The author takes at the beginning several examples (with small dimensions) that exhibit sustained oscillations behaviors. The oscillations accrued because negative feedback loops are included in models. Then, the reprogramming was the perturbations of the expression of at most k genes to suppress sustained oscillations of all the selected markers (stabilize the markers oscillating to desired states 1 or 0). See, for example, these papers:
I. I. Belgacem, J.-L. Gouzé, R. Edwards, Control of negative feedback loops in genetic networks, in: 2020 59th IEEE Conference on Decision and Control (CDC), IEEE, 2020, pp. 5098–5105.
II. L. Chambon, I. Belgacem, J.-L. Gouzé, Qualitative control of undesired oscillations in a genetic negative feedback loop with uncertain measurements, Automatica 112 (2020) 108642.
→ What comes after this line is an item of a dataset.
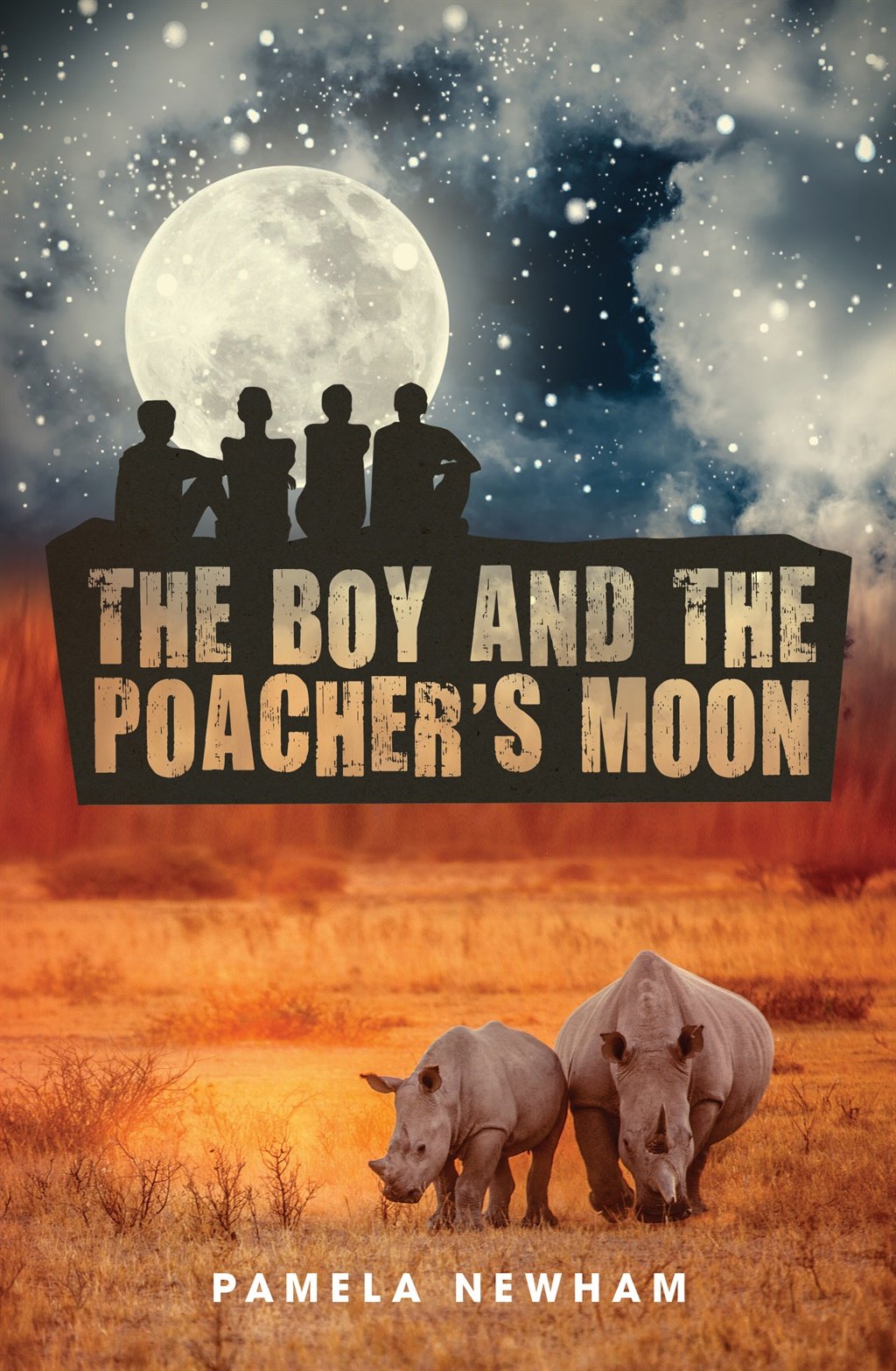 The Boy and the Poacher’s Moon (nb Publishers) 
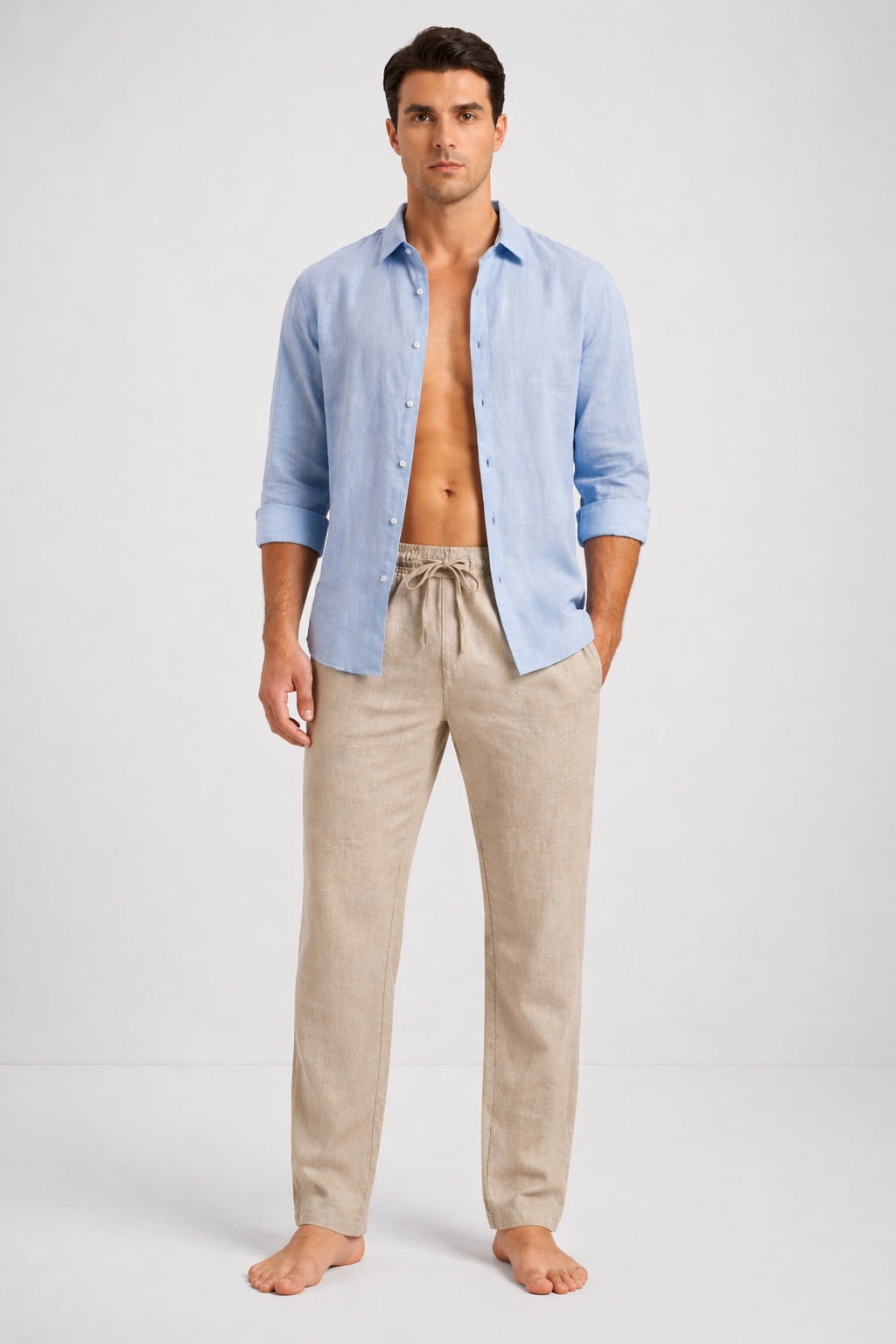 Pantalón Lino Varenne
where a similar problem is investigated to suppress sustained oscillations for genetic negative feedback loops in general. The authors proposed in these papers a sliding mode control to suppress sustained oscillations for genetic negative feedback loops by controlling only the expression of one gene (which is physically possible). Here, the author should include a more detailed explanation of the practical applicability of controlling the expression of many genes at the same time or in parallel and shows its (the control) potential interest for the control community. After, the author for example considers ten models with high dimensions (of up to 75) and for the reprogramming up to 6 simultaneous perturbations (k=6). Many solutions were suggested or found for reprogramming, however which ones have to be more feasible for the control implementation? Could we always find control of each function of some genes to be 0 or 1 (according to each equation)? Are there solutions that have very little practical relevance? Do all the solutions make sense physically?
The author of this paper also considers only locally-monotone BNs, where each local function is unate. This means that the system conserves the partial ordering of solutions. Monotone systems also have strong properties of convergence towards equilibria. Is the proposition of locally-monotone functions simplified much for reprogramming? Furthermore, BoNesis is only supporting locally-monotone BNs… How about if we take general BNs?
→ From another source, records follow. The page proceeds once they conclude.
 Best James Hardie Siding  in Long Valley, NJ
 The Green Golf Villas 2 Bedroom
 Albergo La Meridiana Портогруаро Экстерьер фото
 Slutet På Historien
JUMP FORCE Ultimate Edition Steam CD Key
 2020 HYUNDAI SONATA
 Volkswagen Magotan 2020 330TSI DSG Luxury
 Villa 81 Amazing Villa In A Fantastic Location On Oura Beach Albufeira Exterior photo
The paper is well written. My only minor suggestions to the author are as follows.
1- The paper has some typos issue to be checked and corrected. For example, in the 13th page: to itrs right configuration, I believe that it should be: to its right configuration.
2- Similarly, in the top of the page 22: for some BNs they will have no fixed points, therefore all their fixed points match with the marker, I believe that the author would like to say for some BNs, they will have no other fixed points, ... etc.